[EXERCISE OBJECTIVE]: Once you reach the line that contains "Hotels in Greece, parosbay.com", retype it and each later line exactly as written, stopping only at the end of the listing.
[SOURCE DATA Boundary: Start]
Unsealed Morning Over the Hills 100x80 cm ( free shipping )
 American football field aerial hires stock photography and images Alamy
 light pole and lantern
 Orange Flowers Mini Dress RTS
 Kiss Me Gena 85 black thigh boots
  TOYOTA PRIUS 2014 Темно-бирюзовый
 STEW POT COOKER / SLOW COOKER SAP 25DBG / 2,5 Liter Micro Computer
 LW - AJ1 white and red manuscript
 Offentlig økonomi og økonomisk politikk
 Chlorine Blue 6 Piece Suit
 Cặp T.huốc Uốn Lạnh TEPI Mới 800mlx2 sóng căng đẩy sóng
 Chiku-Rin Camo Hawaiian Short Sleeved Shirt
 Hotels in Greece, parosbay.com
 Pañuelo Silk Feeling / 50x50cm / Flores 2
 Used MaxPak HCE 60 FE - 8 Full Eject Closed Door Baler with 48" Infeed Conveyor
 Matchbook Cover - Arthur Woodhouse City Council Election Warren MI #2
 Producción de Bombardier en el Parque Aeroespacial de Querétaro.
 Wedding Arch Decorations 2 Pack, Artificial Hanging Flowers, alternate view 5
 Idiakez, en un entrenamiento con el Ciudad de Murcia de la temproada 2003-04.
[SOURCE DATA Boundary: End]
[RESPONSE BOX]:
 Hotels in Greece, parosbay.com
 Pañuelo Silk Feeling / 50x50cm / Flores 2
 Used MaxPak HCE 60 FE - 8 Full Eject Closed Door Baler with 48" Infeed Conveyor
 Matchbook Cover - Arthur Woodhouse City Council Election Warren MI #2
 Producción de Bombardier en el Parque Aeroespacial de Querétaro.
 Wedding Arch Decorations 2 Pack, Artificial Hanging Flowers, alternate view 5
 Idiakez, en un entrenamiento con el Ciudad de Murcia de la temproada 2003-04.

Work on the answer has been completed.